» **Task details**: Ignoring the images, restate the records below word for word.

» **Material shown**:
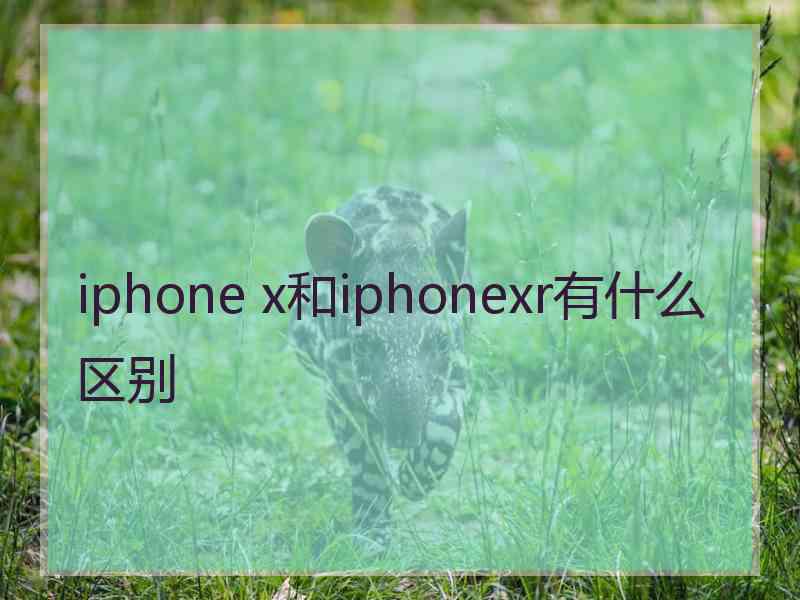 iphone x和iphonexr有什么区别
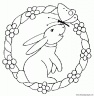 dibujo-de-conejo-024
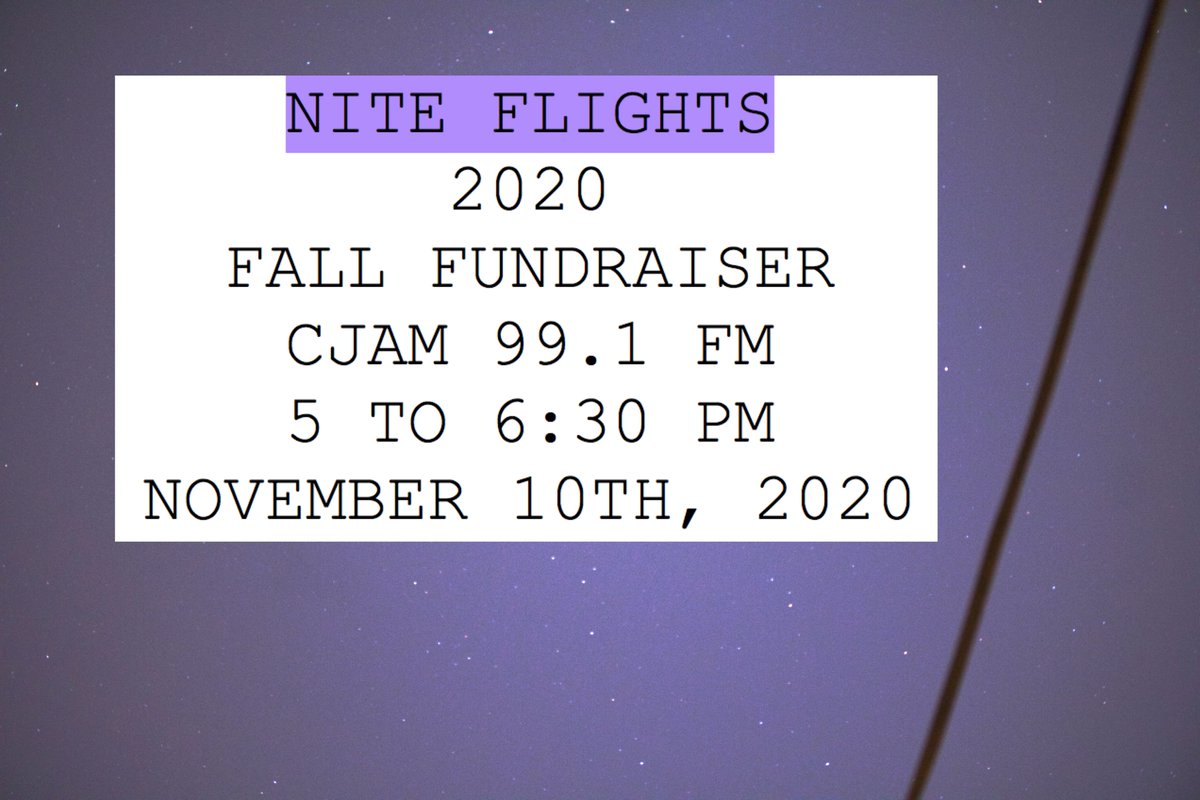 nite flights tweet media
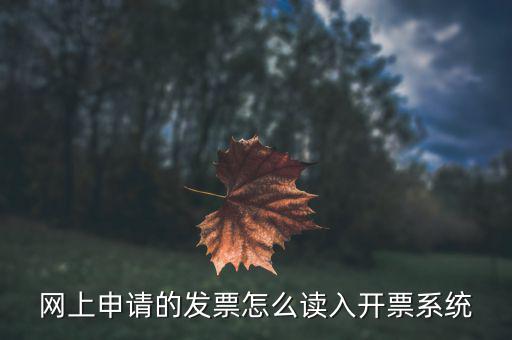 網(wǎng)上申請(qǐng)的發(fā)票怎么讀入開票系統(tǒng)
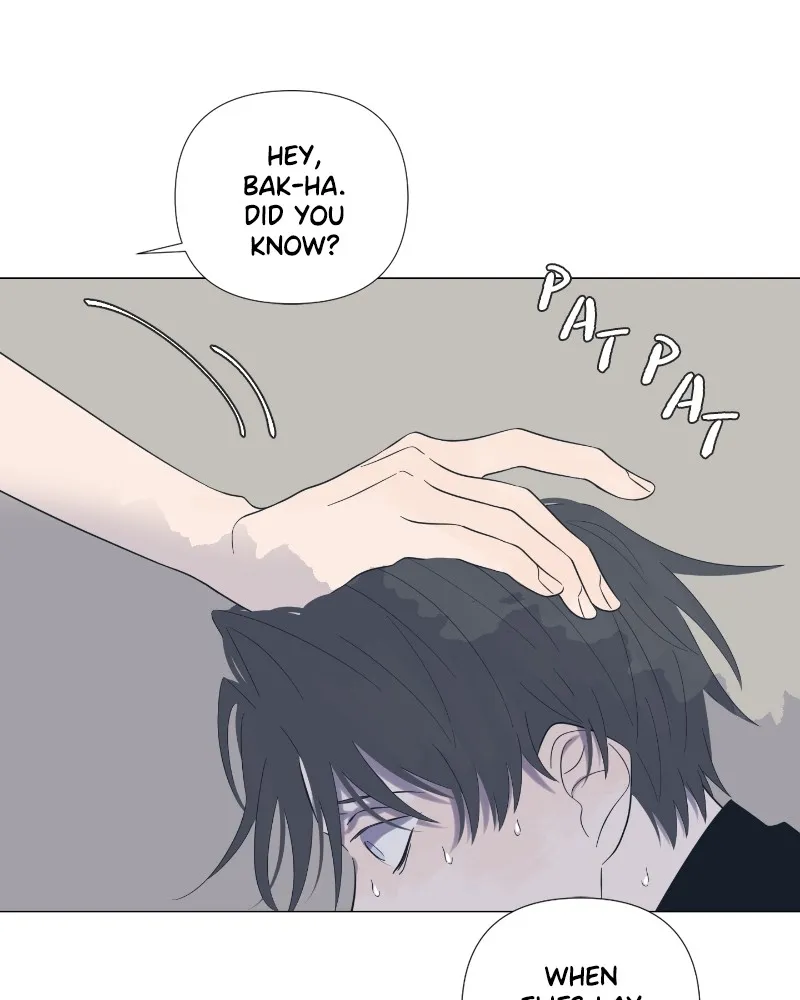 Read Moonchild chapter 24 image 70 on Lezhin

» **Answer box**:
 iphone x和iphonexr有什么区别
 dibujo-de-conejo-024
 nite flights tweet media
 網(wǎng)上申請(qǐng)的發(fā)票怎么讀入開票系統(tǒng)
 Read Moonchild chapter 24 image 70 on Lezhin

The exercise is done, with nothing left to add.